Le salon du Bourget, grand-messe du secteur aéronautique, se tiendra fin juin aux portes de Paris.

Airbus a, dans la foulée, réfuté tout lien entre le calendrier de l’enquête et le salon aéronautique, où il doit annoncer de nombreuses commandes d’avions.

“Le salon du Bourget n’est pas une date butoir pour Airbus et nous attendons patiemment les résultats du BEA”, se défend l’avionneur européen.

Lundi, des médias rapportaient qu’Airbus était mis en hors de cause, informations qui ont suscité l’ire de tous les acteurs, en premier chef des enquêteurs.

“Sacrifier au sensationnalisme en publiant des informations non validées alors que l’exploitation des données des enregistreurs de vol ne fait que commencer (…) jette le trouble”, écrivait le BEA mardi.

Mercredi, le directeur de l’enquête expliquait qu’après une première lecture des boîtes noires, aucun “dysfonctionnement majeur” de l’avion n’a été mis en évidence.

Mais cela ne préjuge pour l’instant en rien des conclusions, soulignent les enquêteurs.

Jeudi, une autre source proche du dossier expliquait que l’équipage d’Air France avait “réussi à contourner le nuage” orageux, tout comme les autres avions qui évoluaient dans cette région au même moment.

Autrement dit: l’équipage a pris la bonne décision.
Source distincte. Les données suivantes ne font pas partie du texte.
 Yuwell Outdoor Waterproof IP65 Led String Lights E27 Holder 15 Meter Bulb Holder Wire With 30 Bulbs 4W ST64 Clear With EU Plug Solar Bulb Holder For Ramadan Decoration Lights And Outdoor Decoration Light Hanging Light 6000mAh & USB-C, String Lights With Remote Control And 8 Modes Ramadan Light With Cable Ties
Alors qui d’Airbus ou d’Air France est responsable ?

La question agite les esprits mais, comme le rappellent tous les acteurs de cette affaire, ce débat est prématuré.

“On conçoit que le BEA doive travailler sereinement de manière à fournir des informations tangibles et non pas sous la pression pour faire plaisir à Pierre ou à Paul”, plaide Robert Soulas au nom des proches de victimes.

Le BEA a assuré qu’il pourra faire toute la lumière sur cet accident grâce à l’analyse des boîtes noires. Mais ce n’est pas à lui de désigner des responsables, c’est à la justice de le faire. Air France et Airbus sont mis en examen pour homicides involontaires dans ce dossier.

Si l’enquête concluait à la défaillance de l’appareil d’Airbus ou à une erreur commise par Air France, le préjudice serait lourd en terme d’image pour l’un ou l’autre.

Mais les enjeux économiques ne sont pas déterminants, martèlent les intéressés. Les préjudices pour les entreprises seront couverts par les assurances.

Et s’agissant d’un éventuel impact sur l’activité économique, ils réfutent de concert. Air France doit d’ailleurs annoncer prochainement une méga-commande d’avions long-courriers et assure que l’enquête de l’AF447 ne déterminera pas son choix entre les appareils d’Airbus et ceux de l’américain Boeing.